Chi invece ha già avuto la possibilità di entrare in carcere nella veste di imam racconta in che cosa consiste nei fatti l’assistenza spirituale. Ibrahim Gabriele Iungo, ad esempio, ha prestato servizio a Torino per conto dell’Ucoii nell’Istituto penale minorile Ferrante Aporti e della Cii al Lorusso Cutugno e conosce bene le difficoltà che incontra un ministro di culto islamico in carcere. “Prima di tutto, l’imam non riesce a instaurare un rapporto continuativo né con il personale né con i detenuti: da una parte c’è una rotazione tra gli imam che accedono all’istituto, quindi non entra ogni settimana la stessa persona; dall’altra, il nostro apporto è confinato alla preghiera del venerdì e sono rari i momenti di scambio con i fedeli”. Esiste poi un problema con gli spazi dove esercitare le funzioni religiose. “Vengono messe a disposizione delle sale che non sono pensate per il culto musulmano -sottolinea Iungo-. La prima volta che sono entrato nel carcere minorile, mi è stata assegnata una stanza che aveva affissa alla parete un quadretto con la foto del Papa. Ho cercato di ottenere un’altra sistemazione, ma quel giorno non c’è stato verso. Successivamente ci hanno dato un’altra sala, ma credo più per motivi logistici”. In generale, riassume Iungo, “l’imam viene percepito come un ente esterno potenzialmente minaccioso: se non è parte del problema, non è neanche parte della soluzione”. Malgrado l’approccio securitario riservato all’Islam e l’accesso limitato dei ministri di culto, secondo la mediatrice interculturale Souad Maddahi, la solidarietà tra i detenuti musulmani è capace di ridurre l’afflizione della pena.
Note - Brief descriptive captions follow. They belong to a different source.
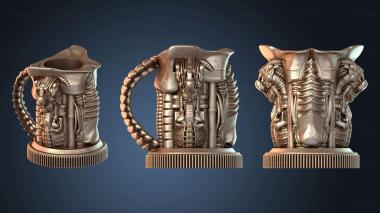 3D модель NESTANDART_0424 (STL)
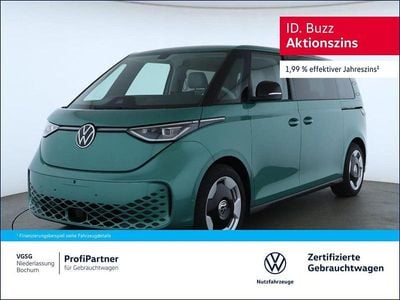 VW ID. Buzz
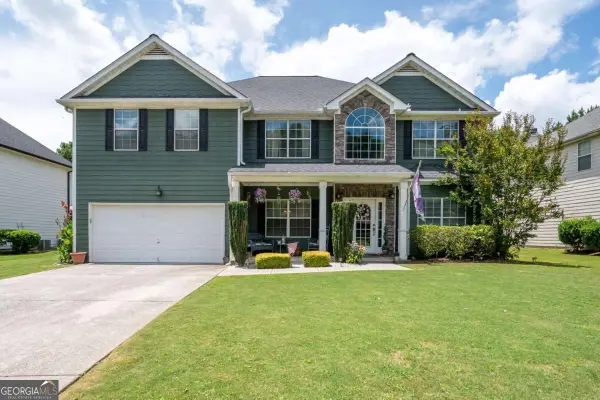 419 Farmwood Way, Canton, GA 30115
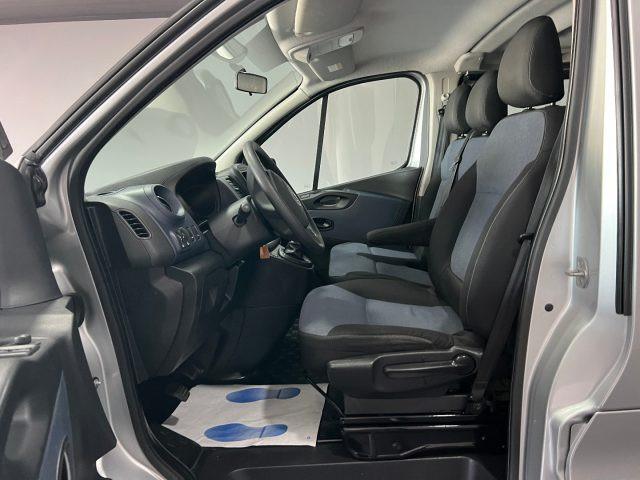 OPEL Vivaro 29 1.6 BiTurbo S&S EcoFLEX PC-TN Combi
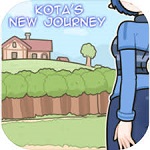 Kota's New Journey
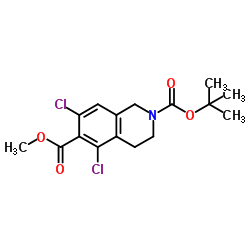 851784-80-0 structure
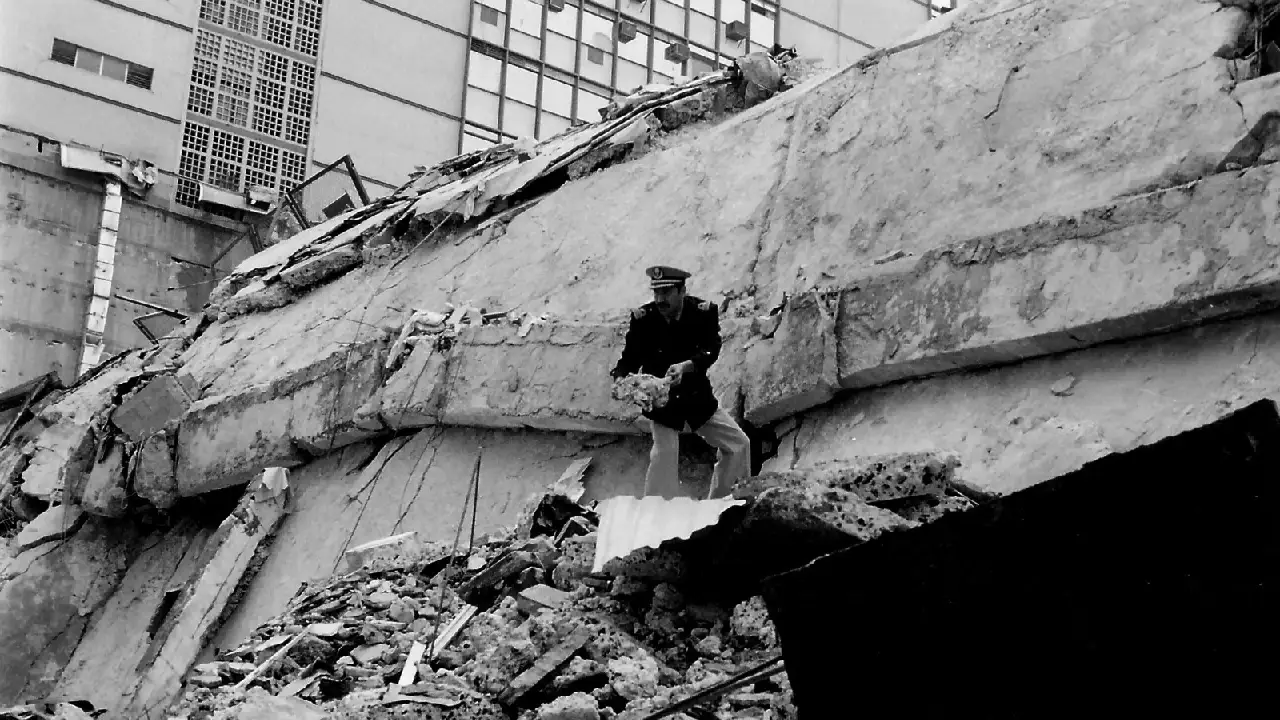 60 años del Plan Marina historia y evolución de un programa de auxilio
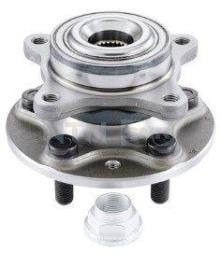 SNR R180.03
“Specialmente durante il mese di Ramadan, il desiderio di condividere e aiutarsi è molto sentito -spiega-. Nelle sezioni aperte a volte si organizzano delle tavolate nei corridoi a cui sono invitati tutti, anche i compagni di cella di altre religioni”. Inoltre la detenzione può rappresentare una possibilità di riscatto se vissuta da una prospettiva islamica. “Anche il profeta Yusuf, benedizione su di lui, è stato incarcerato e da tale esperienza, si racconta nel nobile Corano, ha tratto un’importante occasione per riflettere -conclude Maddahi-. Questo esempio risuona familiare ai detenuti musulmani e consente di vedere la privazione della libertà personale come una prova da superare in vista della vita eterna, oltre che un momento predisposto dal destino in cui potersi pentire del peccato e del reato commessi. Che poi questo succeda o meno è un’altra storia”.